Sunday, December 23, 2012

A Line in the Water

Photographer John  Legge posted this image on the Visit Derby
web site in honor of Samuel Plimsoll's life-saving contribution.
Early this morning, I heard a story on the 99% Invisible design program, in which Roman Mars expressed his admiration for the elegant design of the Plimsoll Line. In looking for the program online, I also found a very nice 2008 BBC story about Samuel Plimsoll's political struggle to get a simple line painted on ships.

The simple line is a triumph of design and -- to be honest -- of the triumph of good over evil.

Honored in Bristol England
Photo by Mike Smith
via Roman Mars 
Now taken for granted on ships throughout the world, the 450mm-long line marks the maximum depth to which a ship can be safely loaded. If the line is not visible at or above the water line, the ship is too low in the water and subject to sinking. The lines to the sides of the basic Plimsoll Line indicate adjustments for the density of water by salinity and season.

The Plimsoll story piqued my interest because of my general pursuit of all things nautical these days.
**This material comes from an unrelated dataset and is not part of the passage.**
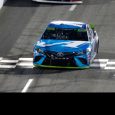 That Martin Truex, Jr. led a race best – and career high – 464 of 500 laps last Sunday en route to his series-leading seventh Monster Energy NASCAR Cup Series […]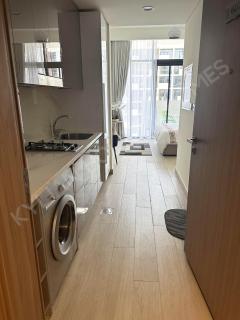Kylian Holiday Homes - Dubai - 6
It is also relevant to my teaching about environmental and safety regulations, as it is an unusually clear case of greed (and evil) blocking an obvious need for reform.

I am currently reading Philbrick's In the Heart of the Sea, which describes many of the ways in which indifferent ship owners put the lives of their crews in danger. I purchased the book at the Bookworks on Nantucket, where most of the wealth generated by whaling accumulated. As cavalier as ship owners were with the lives of their sailors in 1819, they had become even more likely to take risks by the middle of the century, when insurance made ships worth more at the bottom of the sea.
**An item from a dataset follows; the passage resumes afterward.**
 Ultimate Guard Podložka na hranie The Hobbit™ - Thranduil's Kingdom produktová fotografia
As a member of parliament, Samuel Plimsoll found this unacceptable. It may be that the insurance companies would have eventually ended the practice of overloading ships (known as "coffins" by wary sailors), but by 1873 they had not acted, so Parliament did. The mandate to include Plimsoll's simple mark was a compromise -- he wanted stricter regulations -- but the intervening years it has saved many thousands of sailors from a watery grave.

Related Non-News
Readers of this post are very unlikely to have heard of the wreck of the Stena Primorsk, an oil tanker that ran aground on the Hudson River on December 20, 2012. The reason the wreck is little-known it is a double-hulled ship. Most tankers have been double-hulled since the 1989 Exxon Valdez wreck (a DUI of catastrophic proportions on the part of Captain Hazelwood). It has been against considerable industry resistance that most countries in the world have pledged to ban single-hull tankers by 2015. Although Exxon does continue to use them, they are now rare because regulators imposed restrictions over industry objections.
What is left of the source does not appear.